After postulating the radiation hazards of a model mill, the NRC estimated the human health benefits of reducing radio*1255logical emissions in varying degrees from the base case. For example, Table 9-13 of the NRC-FEIS set out the decline in premature cancer deaths expected with each reduction in radon emissions. Id. at 9-31. See also id. at 9-4 to 9-10, Tables 9.1 to 9.7 (predicting effects of differing types of environmental controls). On the basis of these comparisons of health benefits, the NRC took as its goal the “long-term isolation of tailings and site decommissioning in such a way that conditions at disposal sites will be very similar to those in the surrounding environs, and in a manner which will not necessitate ongoing, active maintenance to preserve these conditions.” Id. at 12-6.

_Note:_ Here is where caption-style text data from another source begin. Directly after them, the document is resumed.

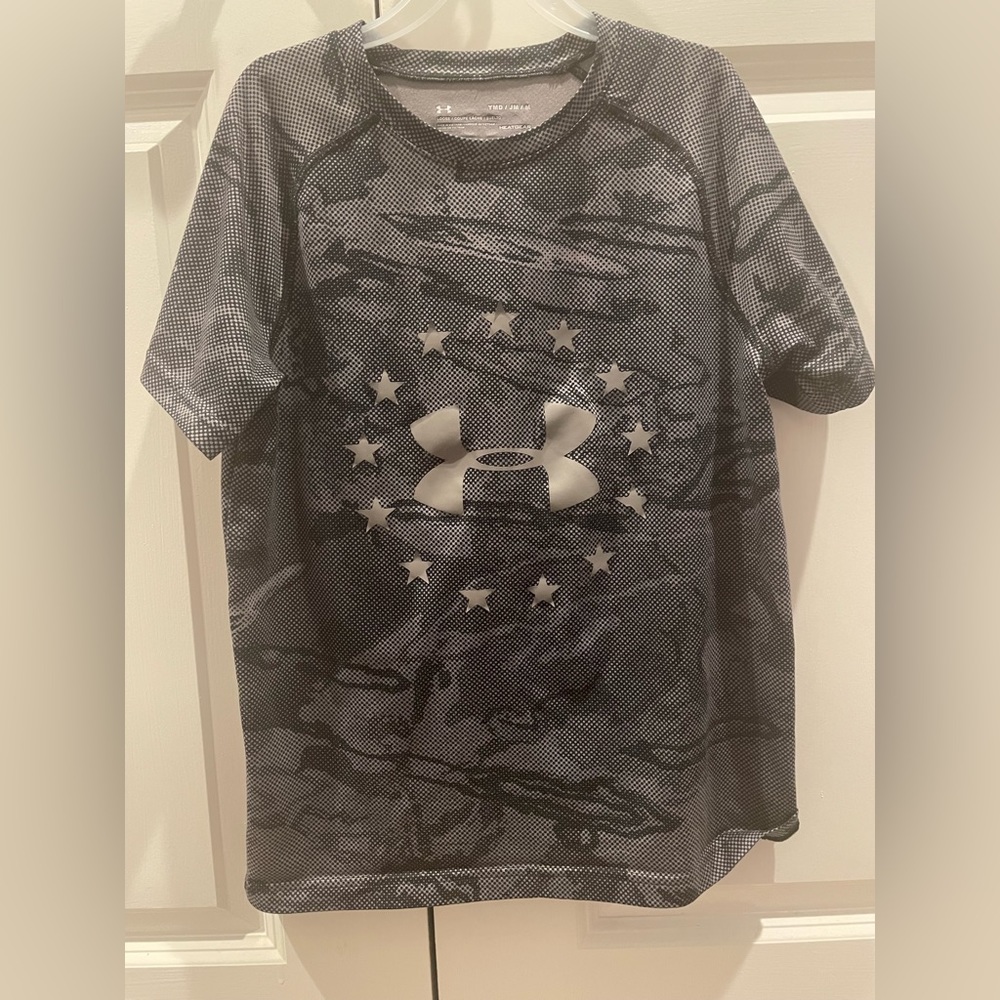 Under Armour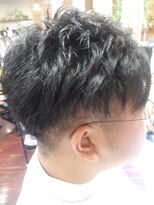 サロンドノア(Salon de NoA)&nbsp;メンズカット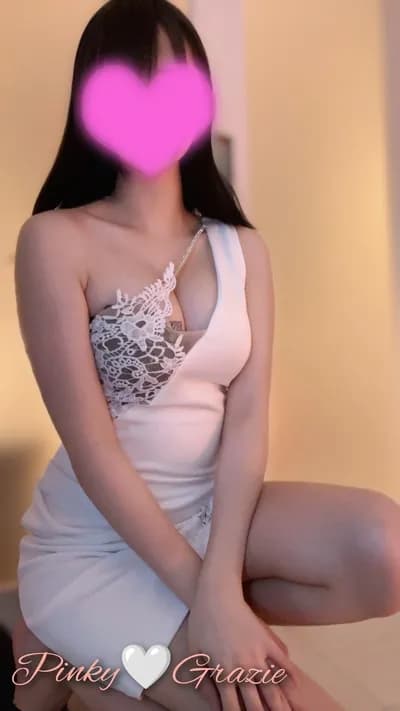 ピンキー♥グラッツェ小倉 | 有村 ゆな のプロフィール | 小倉メンズエステ
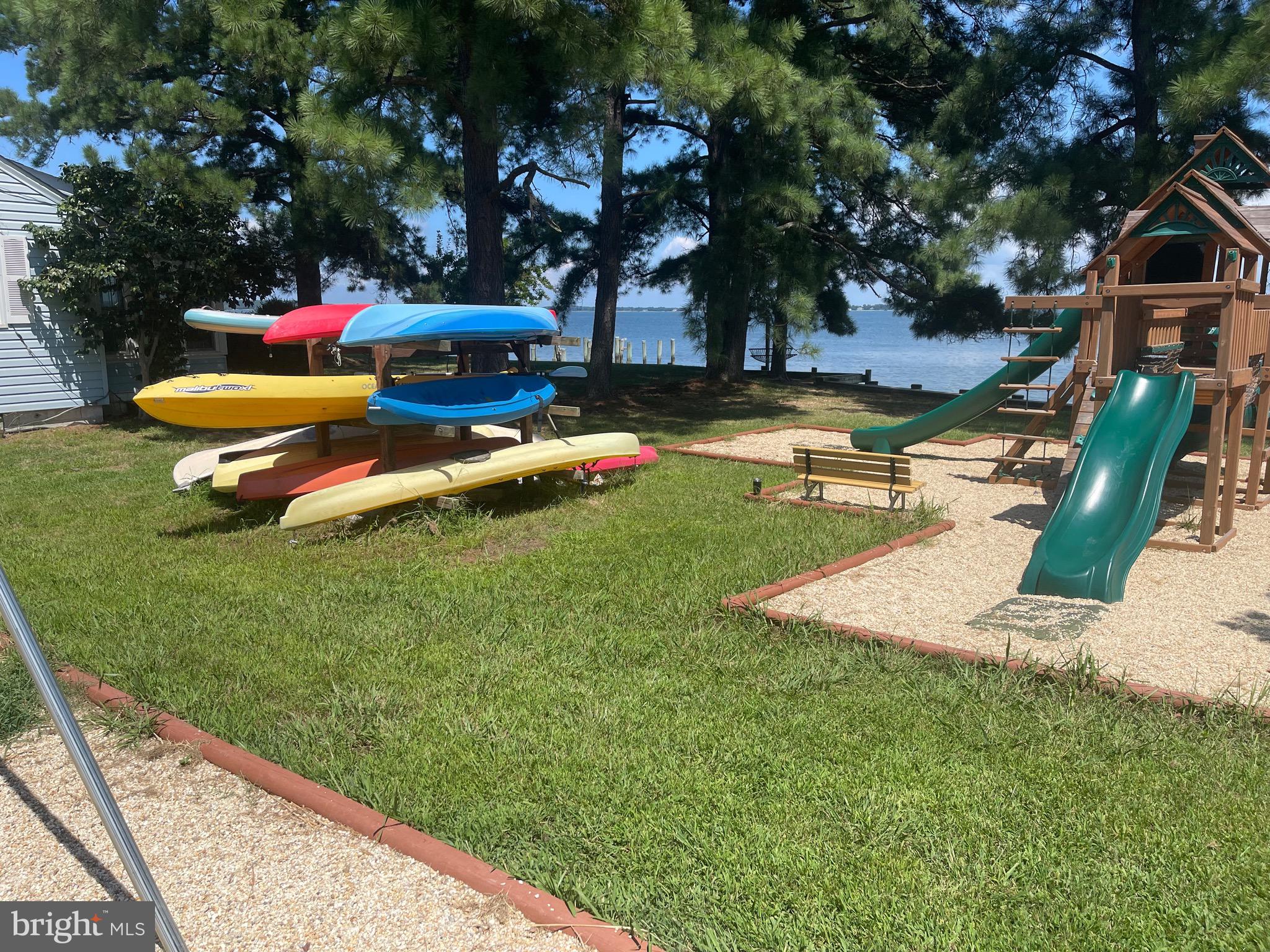 KENT ISLAND ESTATES - Land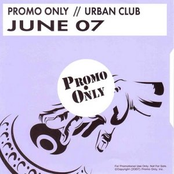 Promo Only Canada Modern Rock June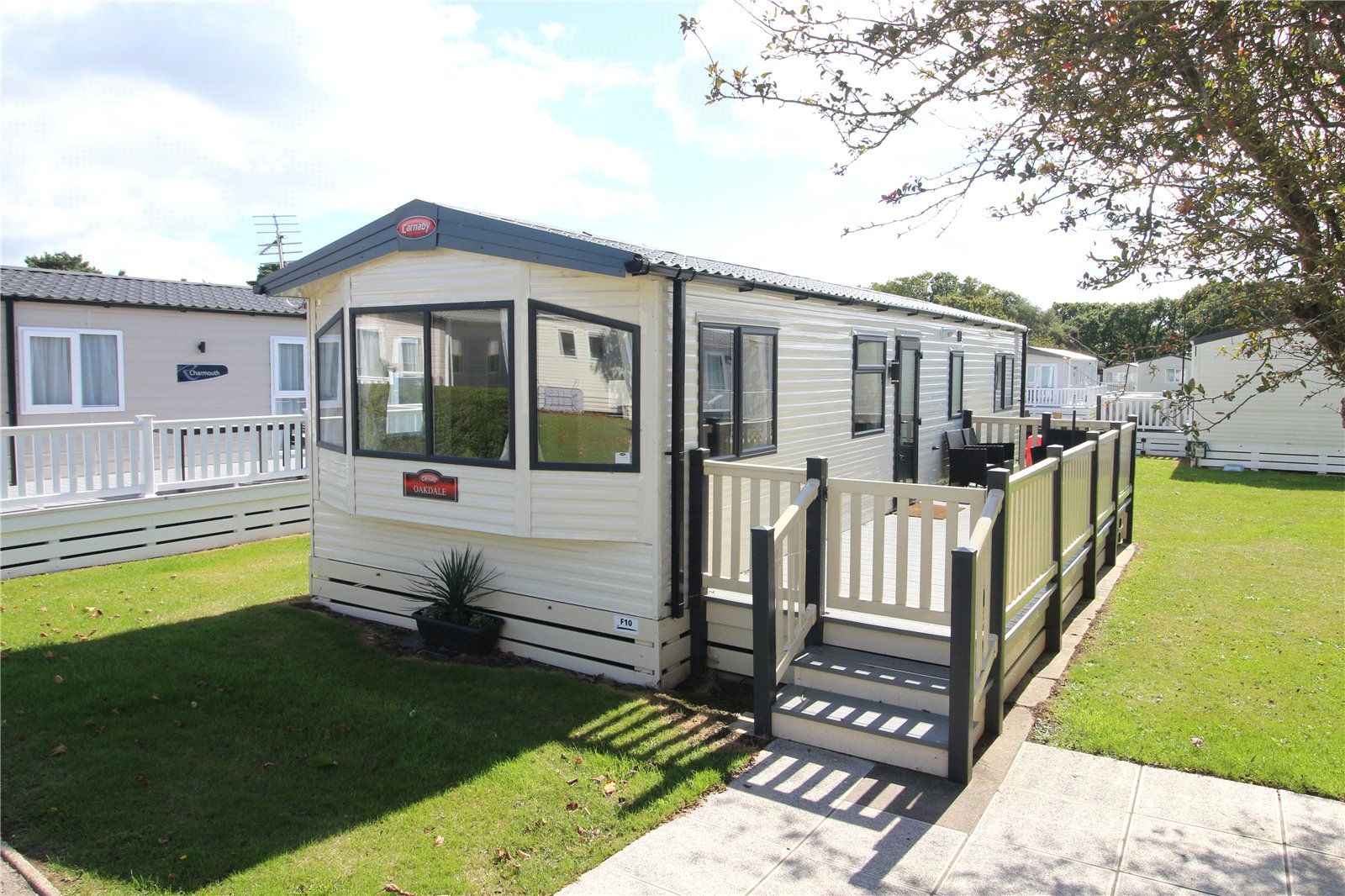 Shorefield Country Park, Near Milford On Sea, Hampshire, SO41 0LH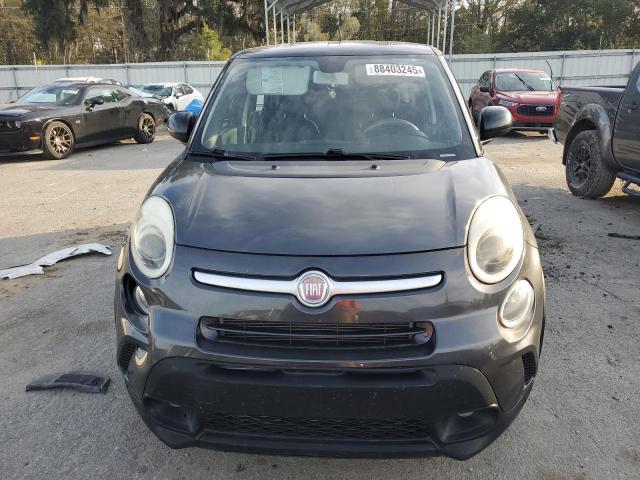 Photo 5 from auction – 2015 FIAT 500L TREKK with VIN ZFBCFADHXFZ032141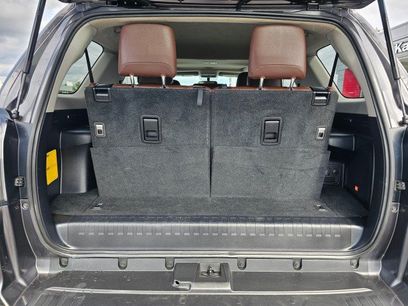 Used 2019 Toyota 4Runner Limited
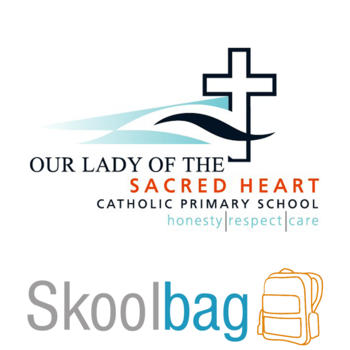 Our Lady of the Sacred Heart Catholic Primary School Springsure - Skoolbag 教育 App LOGO-APP開箱王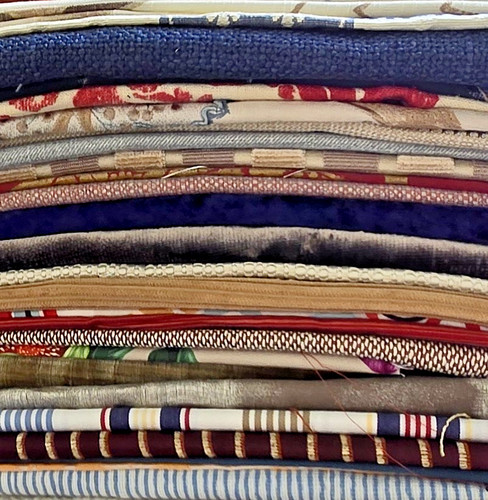 Huge bundle of - (5,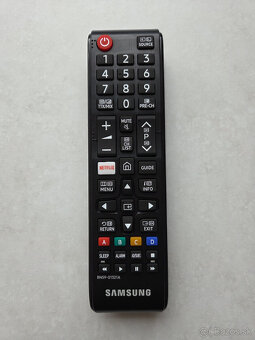 LCD TV Samsung 32 palcov - 3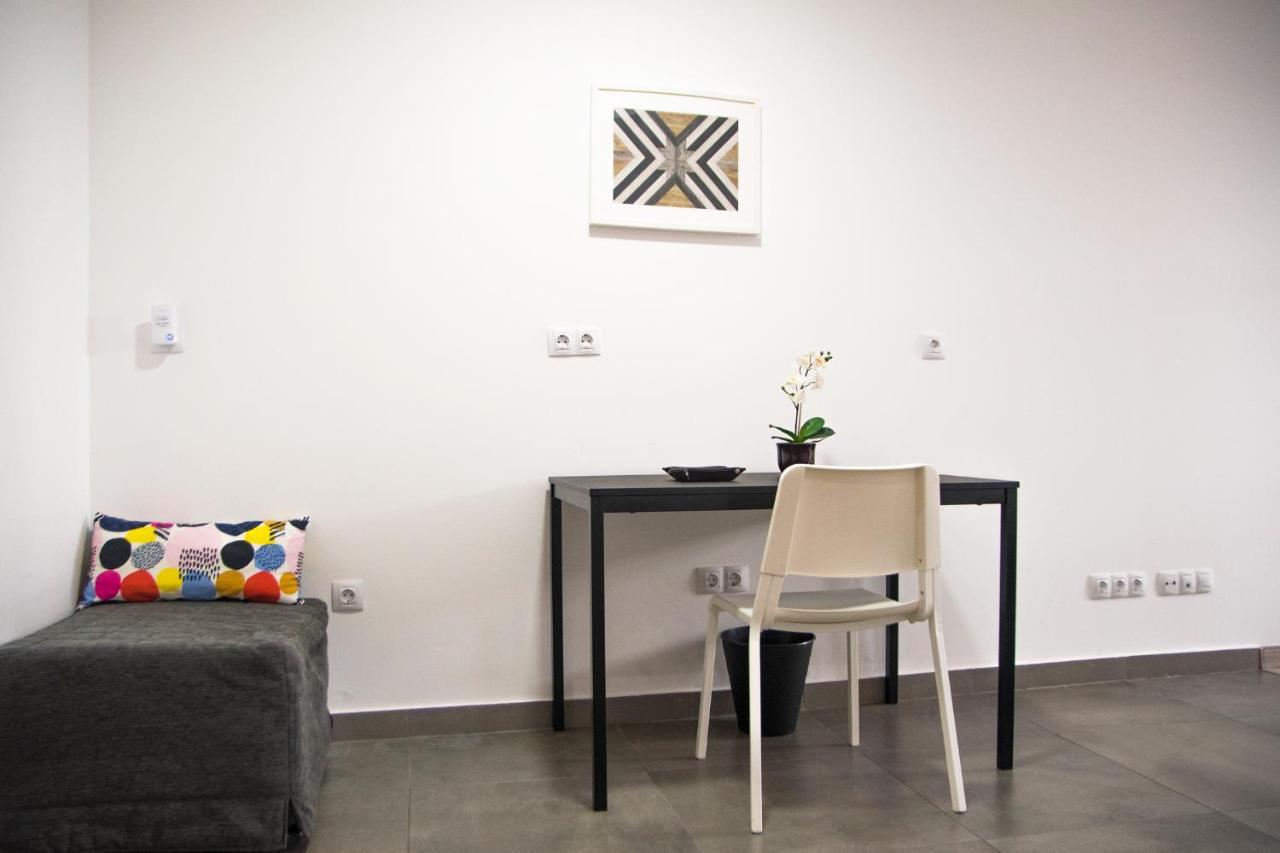 Sensacional Apartamento Saladina Home Ourense Exteriör bild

Having determined that the greatest achievable benefit of mill tailings regulations would be to reduce emissions to background levels over the long term, the NRC next examined alternatives for tailings disposal, see id. at 8-18 to 8-29, the degree to which these alternatives would reduce emissions, see id. at 9-1 to 9-48, and their costs, see id. at 11-1 to 11-13; 12-8. The study estimated the costs of the base case (“no mitigating measures”) and of nine alternative tailings disposal programs, which were classified into three general modes: the active care mode (alternative 1), the passive monitoring mode (alternatives 2 through 6), and the potential reduced care mode (alternatives 7 through 9). Id. at 12-9 (Table l).11 The NRC settled on the passive monitoring mode alternatives as the best approach because they met the NRC’s major regulatory objectives: “assuring long-term stability, controlling airborne radioactive emissions (radon), and protecting ground water,” at a “reasonable” cost. Id. at 12-25. The agency rejected the potential reduced care mode alternatives as too expensive for the speculative incremental benefits they would produce, id. at 12-10 to 12-11, and dismissed the active care mode as unacceptable because it would saddle future generations with “a prolonged obligation to care for wastes generated to produce benefits which those generations will receive only indirectly, if at all.” Id. at 12-7.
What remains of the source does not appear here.